Die beiden leicht zurückversetzten, überwölbten Öffnungen des Eingangs erinnern an den Schlund von Eisenbahntunneln. Und tatsächlich liegt dahinter ein eher dunkler Bereich für Fahrradstellplätze und Mülltonnen, der unter den zen-tralen, großen Innenhof geschoben wurde. Am östlichen Ende begrenzt ein Bürogebäude den neuen Block; vom Wohnheim ist es durch einen Weg getrennt, der die Nord- und Südflanke des Grundstücks verbindet. Dem Wohnheim ist an dieser Stelle ein weiterer, kleinerer Hof vorgelagert. Das Bürogebäude schließt zu diesem Hof mit einer robusten, rötlich gefärbten Loggienfassade ab.
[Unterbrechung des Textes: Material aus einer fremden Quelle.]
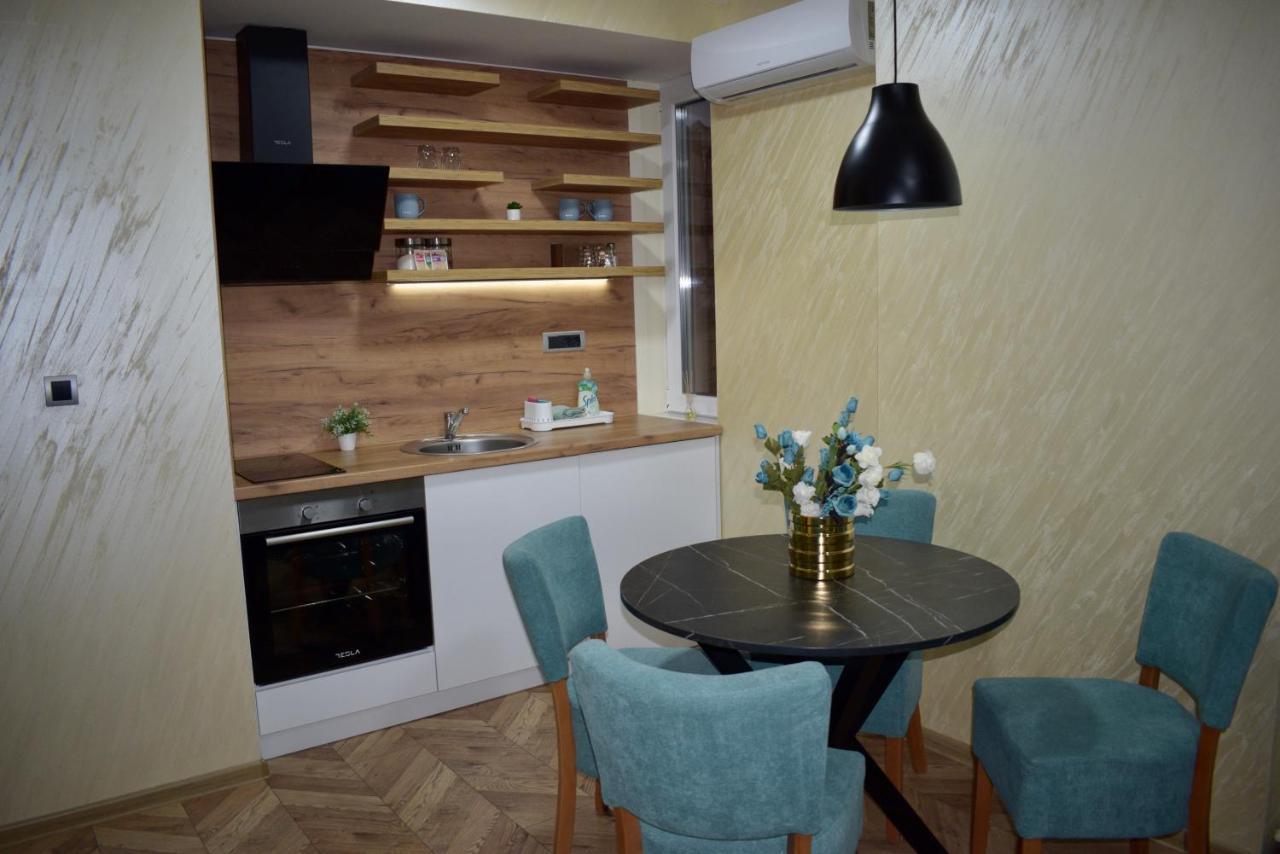Pink House Apartments Jagodina Dış mekan fotoğraf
Auch bei diesem Wohnheim sind die Zimmer klein und rigide organisiert. Das Ziel bestand daher darin, den Zwischenräumen maximale Großzügigkeit zu verleihen. Die Treppenhäuser wurden so gestaltet, dass sie einladen, genutzt zu werden. Sie münden in Foyers, aus denen sich Blicke auf den Innenhof öffnen. Der Weg zu den Privaträumen führt durch die daran anschließenden Gemeinschaftsküchen und Aufenthaltsräume. So wird vermieden, dass die Bewohner aus einem anonymen Korridor kommend direkt in ihren Zimmern verschwinden.
Wenn der Grundriss auch repetitiv angelegt ist, vermeiden es die Architekten doch, dies in der Fassade allzu dominant auszuspielen. „Wir wollten nicht, dass es so eine Fassade wird, an der man die Fenster zählt, die auf den ersten Blick an eine Fabrik erinnert“, sagt Henley. Um das zu vermeiden, fassten sie die Fenster von jeweils vier Räumen – zwei übereinander, zwei neben-einander – zu großen, in die Fassade rückversetzten Öffnungen zusammen. Einige davon haben gerade Abschlüsse, andere enden mit flachen Bögen. An den Langseiten sind die Fensterrahmen rot und rosa, an den Kurzseiten türkis. An den Innenseiten zum großen Hof hin ist diese Gestaltung durch eine Kombination aus kräftigen Ziegelpilastern und weiß gerahmten Einzelfenstern ersetzt.
Die Anforderung, dass Wohnheime aus einer Reihung identischer Zimmer bestehen, führt tendenziell dazu, dass sie einförmig aussehen, „wie ein Bücherregal“, sagt Henley. Das Projekt in Fish Island lebt von der Analogie zum Industriebau und einer Ernsthaftigkeit, die nicht alle Architekten beim Umgang mit dieser Aufgabe an den Tag legen. Es zeigt, dass auch repetitive Programme charakterstark auftreten können.